**Stored data:**
▶

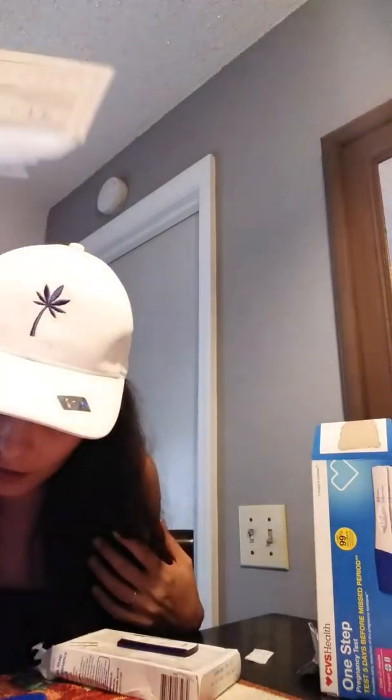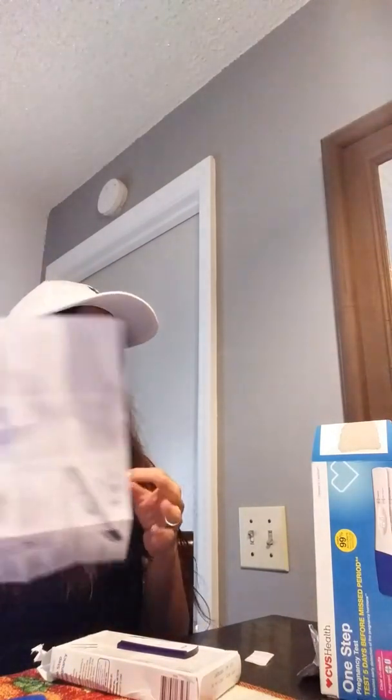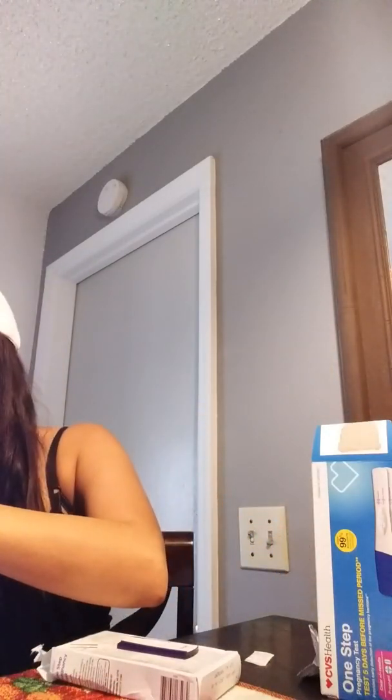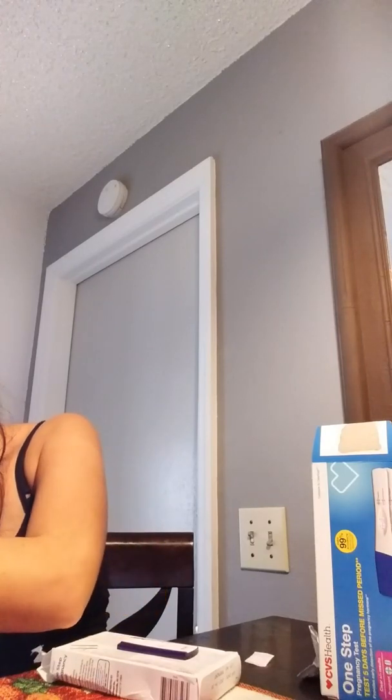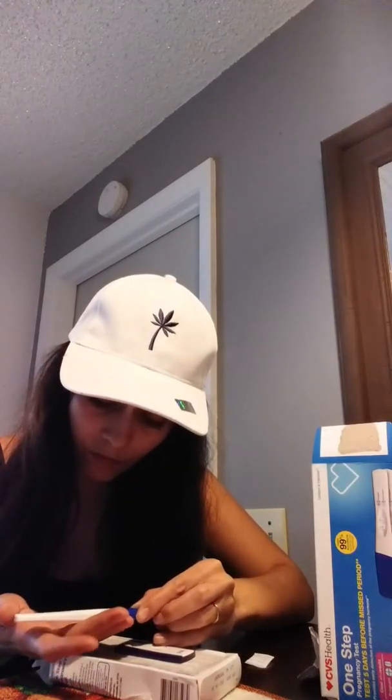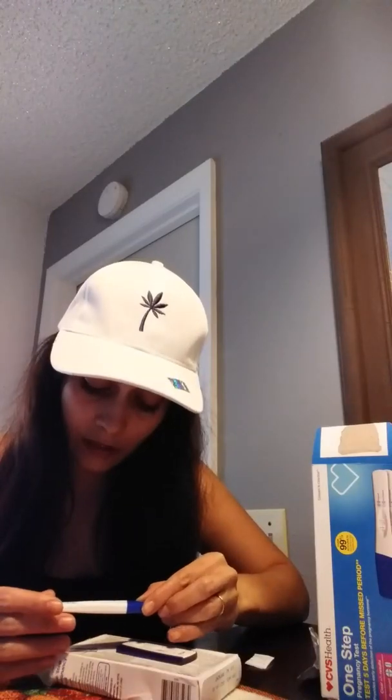There's a line. Let me cover it real quick to get the glare out of it. This is crazy. Okay, it's been two minutes — I can lift it. I see a line. Oh my god. Hold on you guys, because I feel like it's still forming.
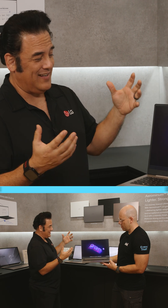Look at how big the screen is — you've got a huge screen in a small package.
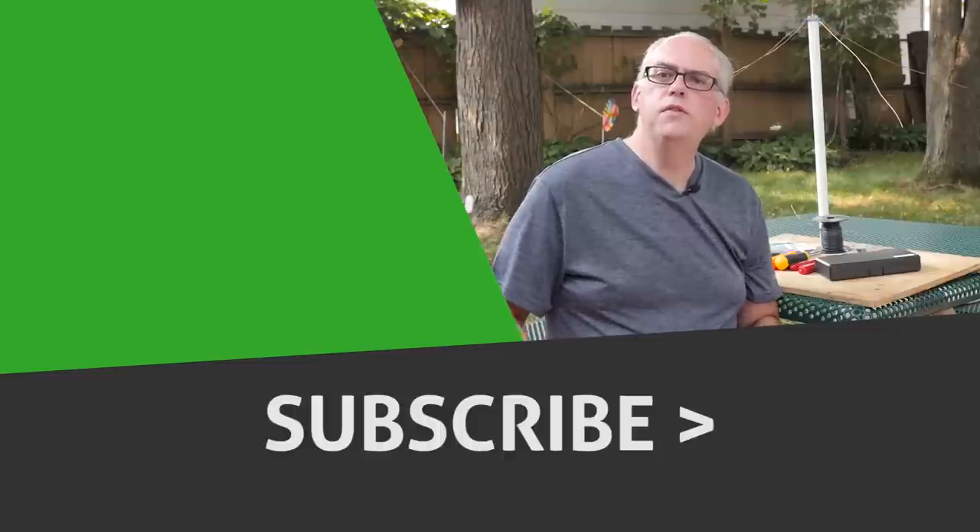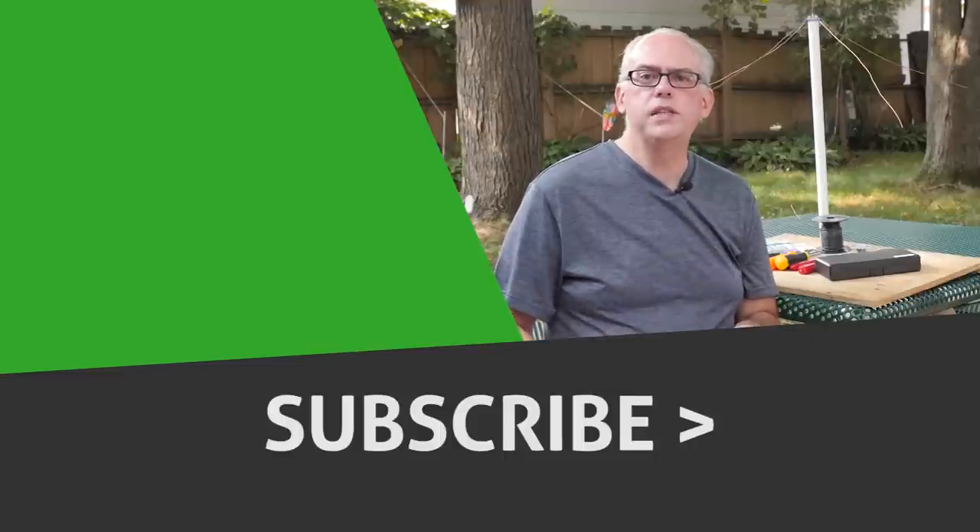For more ham radio articles and information, please check out my blog at www.jpol-antenna.com. If you like this video, don't forget to hit the like button, and also check out the other video that's recommended right over there, and subscribe to my channel to get notified when new videos are released. I'm Michael, KB9VBR — thanks for watching, have a great day and 73!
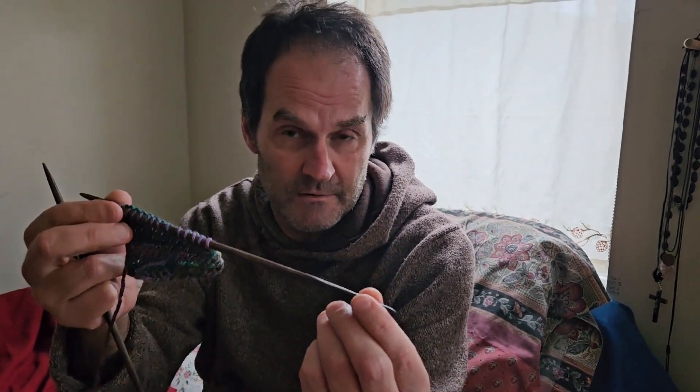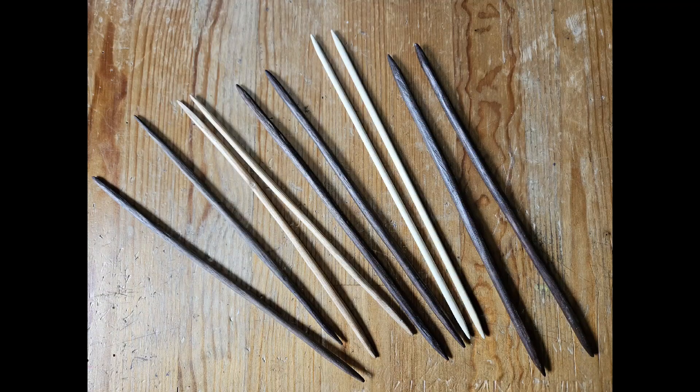Hey friends, check out my first knitting project, this cool headband. I'm learning how to knit here and carve my own knitting needles. This is out of American Black Walnut. I like to carve wood and it was a fun project carving knitting needles.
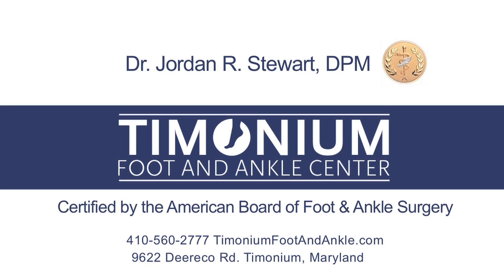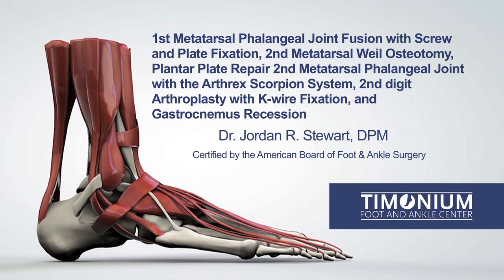This is Dr. Stewart of the Tymonium Foot and Ankle Center. What I am about to show you is a corrective surgical procedure to fuse the first metatarsal phalangeal joint, perform a second metatarsal Y-L osteotomy, correct a dorsally dislocated toe with the Arthrex Scorpion system, repair a second-digit hammer toe with a K-wire, and perform a gastrocnemius recession.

◀

**TASK DESCRIPTION:**
Omit the pictures, then give every record back exactly as it stands.

**ANSWER:**
There's a line. Let me cover it real quick to get the glare out of it. This is crazy. Okay, it's been two minutes — I can lift it. I see a line. Oh my god. Hold on you guys, because I feel like it's still forming.
Look at how big the screen is — you've got a huge screen in a small package.
For more ham radio articles and information, please check out my blog at www.jpol-antenna.com. If you like this video, don't forget to hit the like button, and also check out the other video that's recommended right over there, and subscribe to my channel to get notified when new videos are released. I'm Michael, KB9VBR — thanks for watching, have a great day and 73!
Hey friends, check out my first knitting project, this cool headband. I'm learning how to knit here and carve my own knitting needles. This is out of American Black Walnut. I like to carve wood and it was a fun project carving knitting needles.
This is Dr. Stewart of the Tymonium Foot and Ankle Center. What I am about to show you is a corrective surgical procedure to fuse the first metatarsal phalangeal joint, perform a second metatarsal Y-L osteotomy, correct a dorsally dislocated toe with the Arthrex Scorpion system, repair a second-digit hammer toe with a K-wire, and perform a gastrocnemius recession.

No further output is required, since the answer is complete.